[DESCRIPTION OF THE TASK]: From the material below, please set down exactly the lines starting with the one with "Flooded House Help" and going on through the one with "Trail to Playa Dantita", without a single picture.

[EXERCISE DATA]:
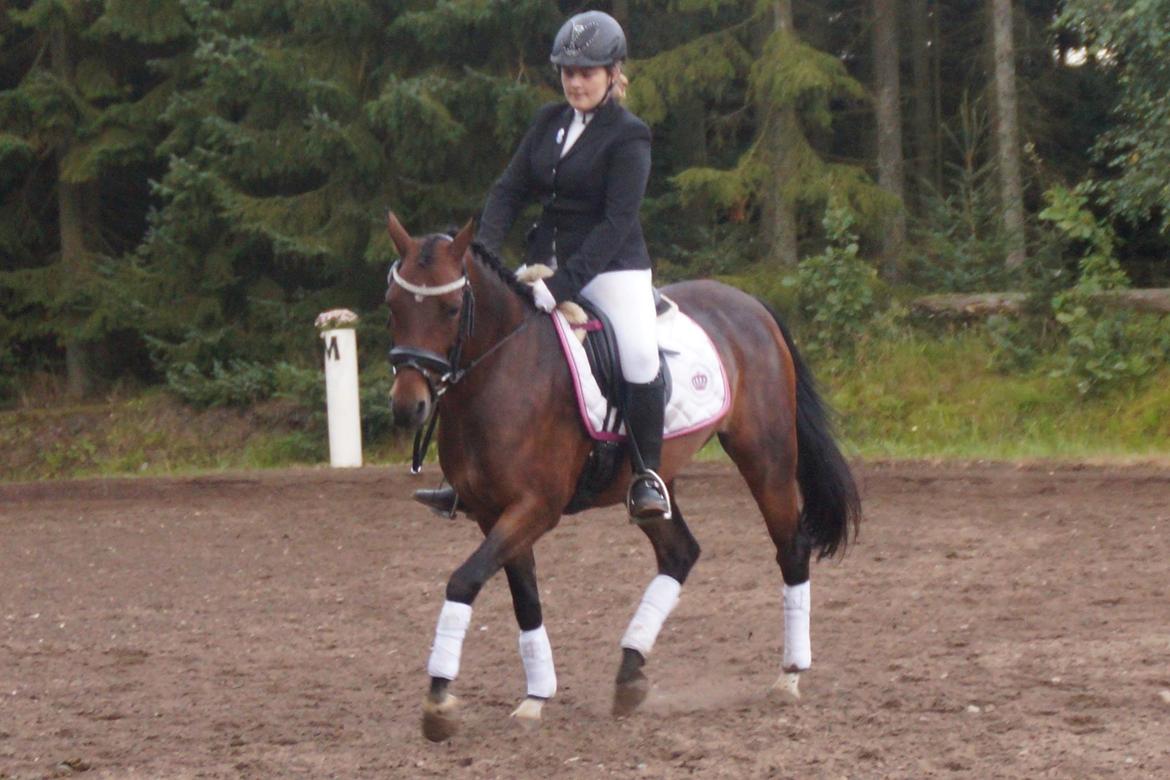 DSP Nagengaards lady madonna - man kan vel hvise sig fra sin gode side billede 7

---

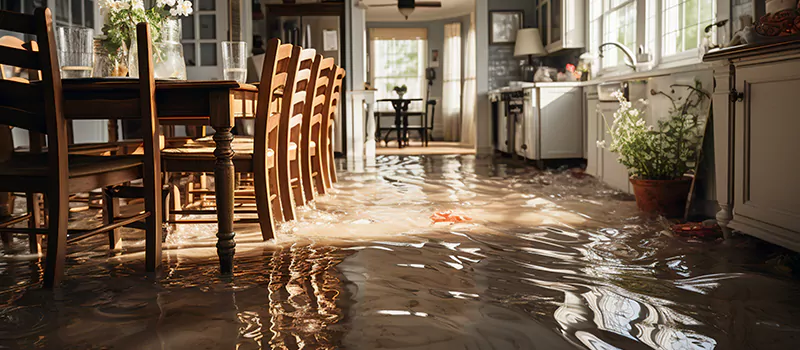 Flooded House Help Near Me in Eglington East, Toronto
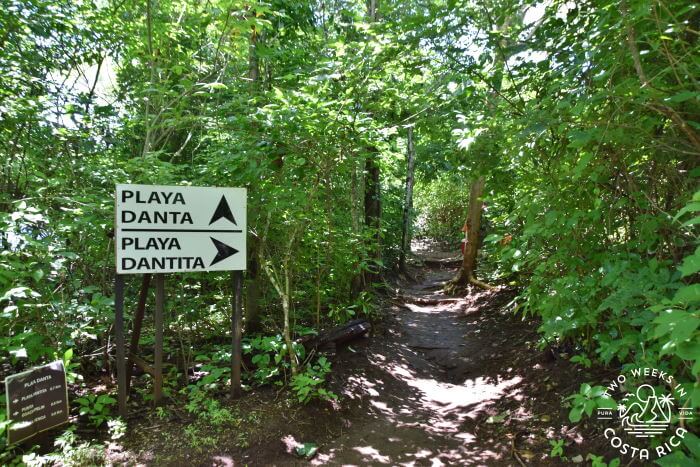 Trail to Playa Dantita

[ANSWER TO THIS TASK]:
 Flooded House Help Near Me in Eglington East, Toronto
 Trail to Playa Dantita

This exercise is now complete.